Stephen Reucroft in the Elementary Particle Physics group at Northeastern University gives this introductory reply:

"Over the past few decades, particle physicists have developed an elegant theoretical model (the Standard Model) that gives a framework for our current understanding of the fundamental particles and forces of nature. One major ingredient in this model is a hypothetical, ubiquitous quantum field that is supposed to be responsible for giving particles their masses (this field would answer the basic question of why particles have the masses they do--or indeed, why they have any mass at all). This field is called the Higgs field. As a consequence of wave-particle duality, all quantum fields have a fundamental particle associated with them. The particle associated with the Higgs field is called the Higgs boson.

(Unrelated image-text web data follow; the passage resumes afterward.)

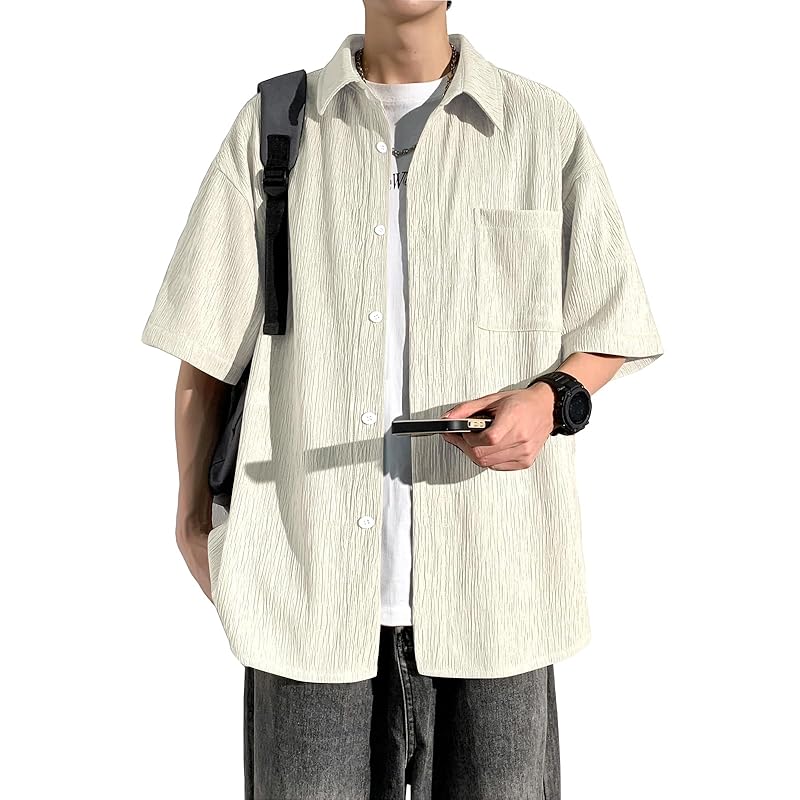 

[FUZHIHUA] shirt men s short sleeve long sleeve Cool feeling Relaxing breathable Sweat absorbent and quick drying Plain color Thin soft comfortable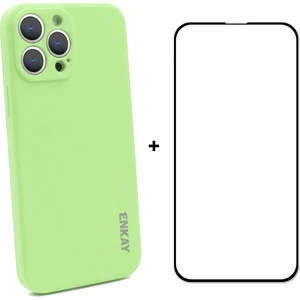 iPhone 13 Pro İçin Enkay Silikon Kılıf + Temperli Cam Filmi Açık Yeşil (Yurt Dışından)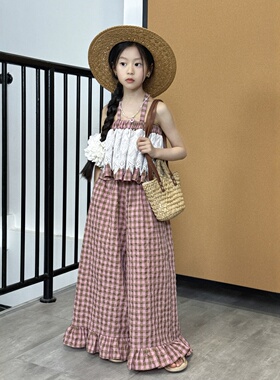 TOUKIDS2026春季新品粉格子白色刺绣多用抹胸裙子屁帘休闲百搭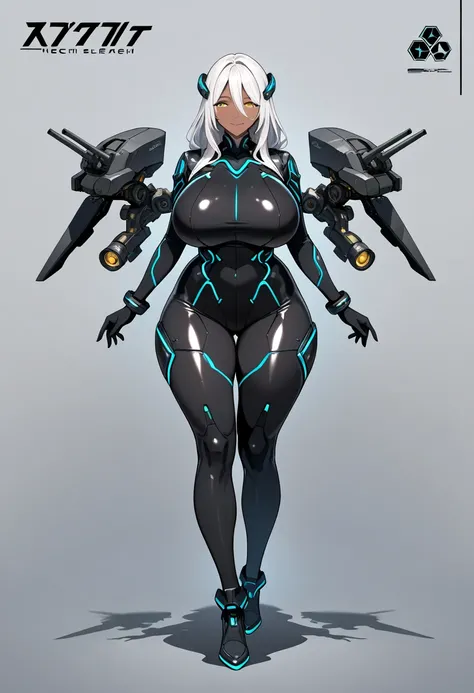 1girl, dark-skinned female, huge breasts, wide hips, thick thighs, white hair,  long hair, yellow eyes, smile, light smile, bodysuit, black bodysuit, futuristic, tech, science-fiction, neon, neon trim, pantyhose, black pantyhose, full body, ((full body)), ...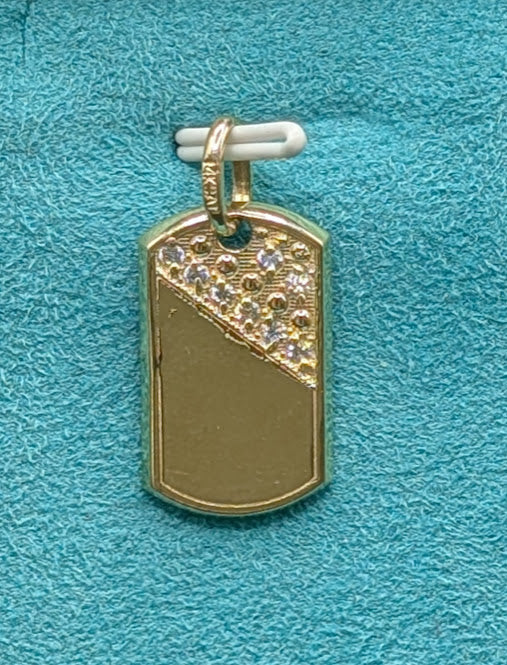 14K Gold Iced Out Mini Dog Tag Pendant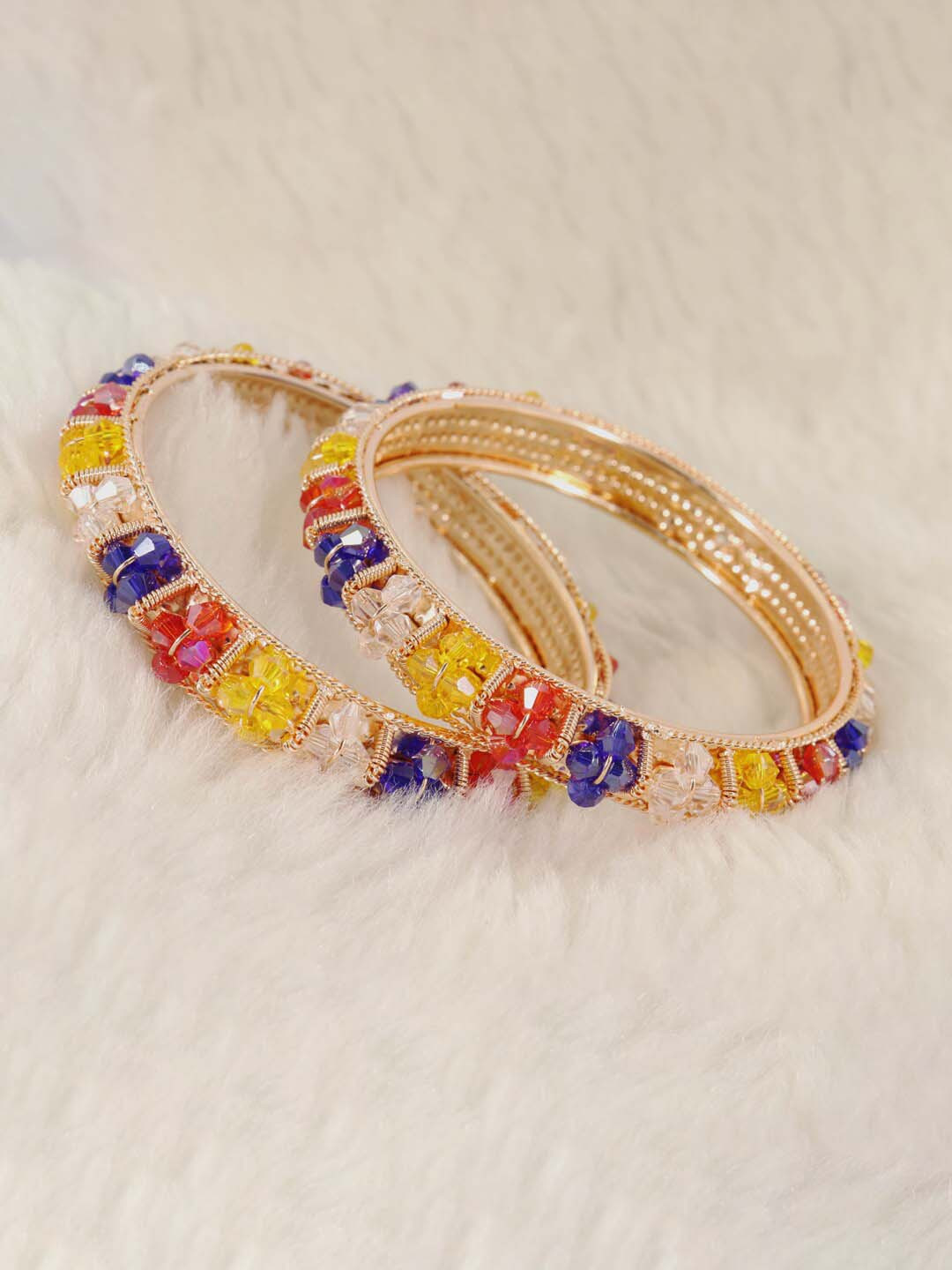 NMII Set Of 2 Gold Plated Pearls Beaded Kada Bangles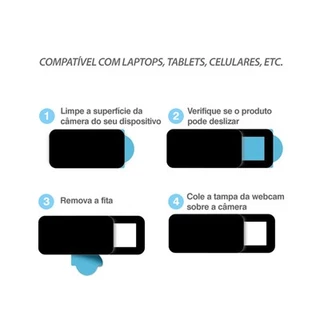 Kit com 4 Webcam Cover Tampa para Câmera de notebook ou celular mais segurança e Privacidade anti-espionagem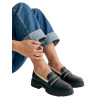 MOCASIN BAJO NEGRO CON FILOS CREMA
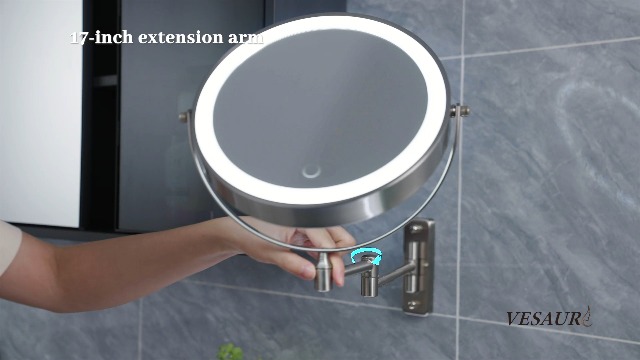 Espejo de maquillaje redondo de pared con luz 9 pulg. miniatura 7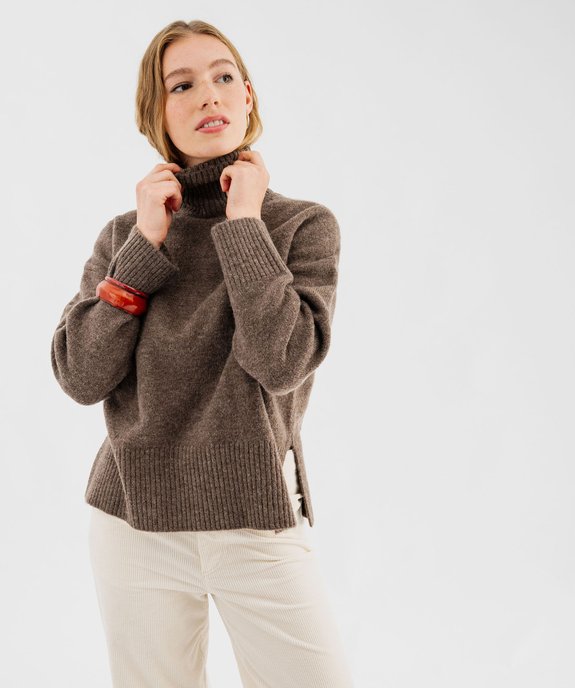 Pull col roulé coupe oversize femme vue1 - GEMO(FEMME PAP) - GEMO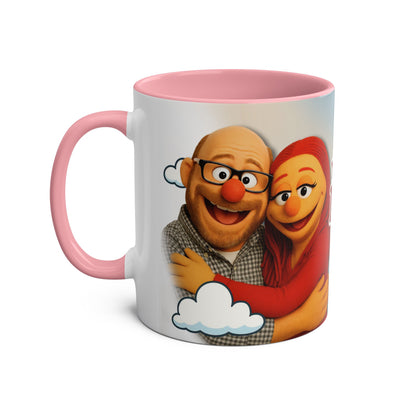 Fun Two-Tone Coffee Mug with Muppet Design - Personalised from Photo. 11 oz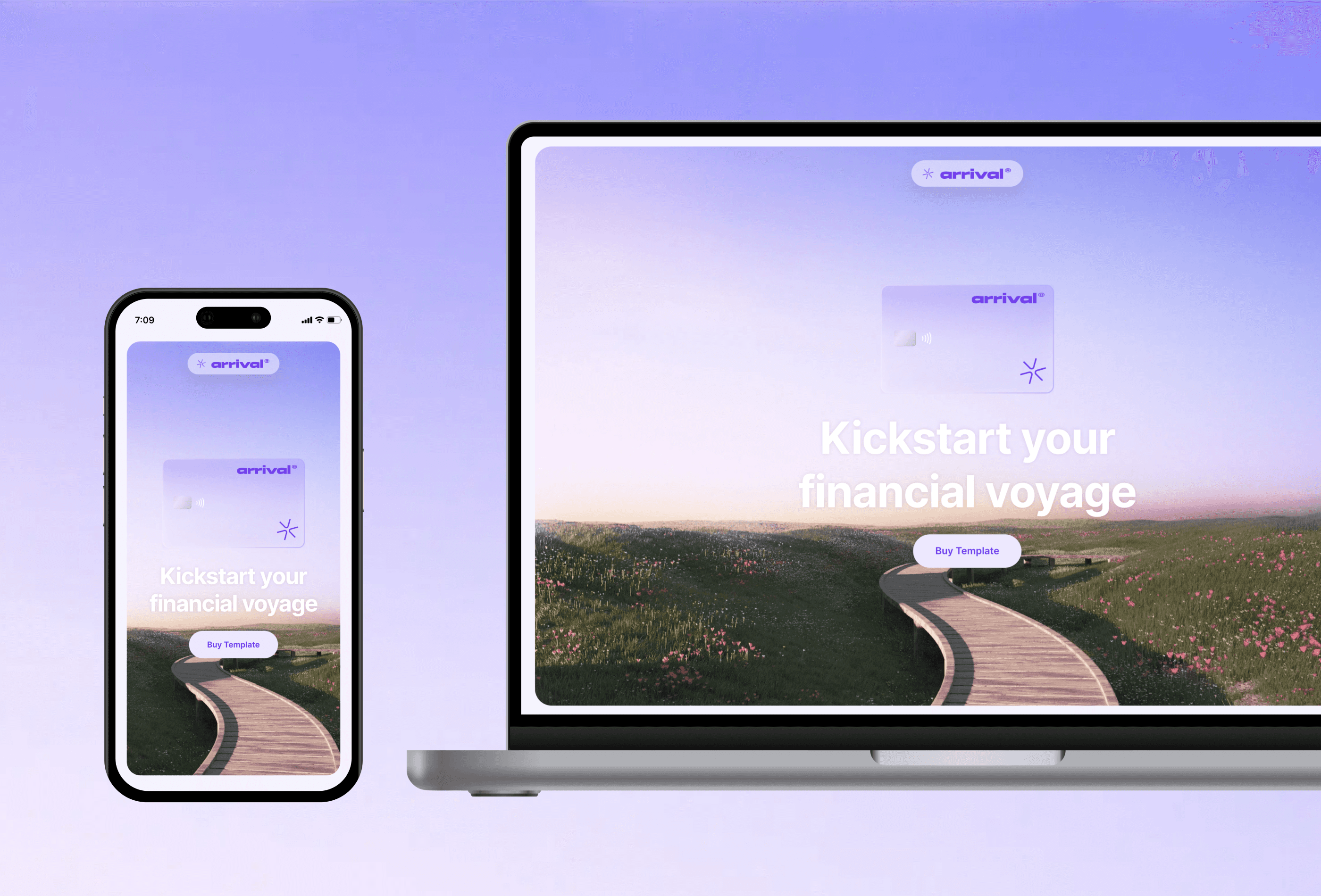 Screenshot 2 for Arrival, a Framer Marketplace template by Layout Gallery.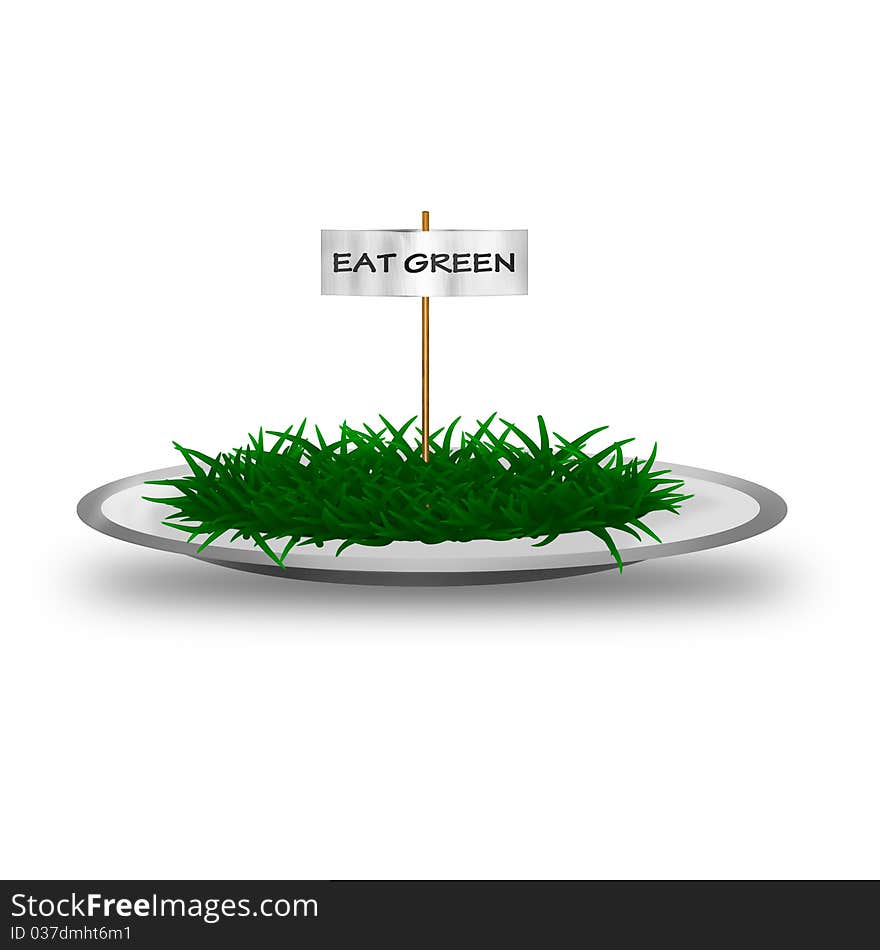 Plate with green grass and text Eat green. Healthy living.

"Because the Higgs field would be responsible for mass, the very fact that the fundamental particles do have mass is regarded by many physicists as an indication of the existence of the Higgs field. We can even take all our data on particle physics data and interpret them in terms of the mass of a hypothetical Higgs boson. In other words, if we assume that the Higgs boson exists, we can infer its mass based on the effect it would have on the properties of other particles and fields. We have not yet truly proved that the Higgs boson exists, however. One of the main aims of particle physics over the next couple of decades is to prove once and for all the existence or nonexistence of the Higgs boson."

Another, more extensive response comes from Howard Haber and Michael Dine, both of whom are professors of physics at the Santa Cruz Institute for Particle Physics at the University of California at Santa Cruz:

"Much of today's research in elementary particle physics focuses on the search for a particle called the Higgs boson. This particle is the one missing piece of our present understanding of the laws of nature, known as the Standard Model. This model describes three types of forces: electromagnetic interactions, which cause all phenomena associated with electric and magnetic fields and the spectrum of electromagnetic radiation; strong interactions, which bind atomic nuclei; and the weak nuclear force, which governs beta decay--a form of natural radioactivity--and hydrogen fusion, the source of the sun's energy. (The Standard Model does not describe the fourth force, gravity.)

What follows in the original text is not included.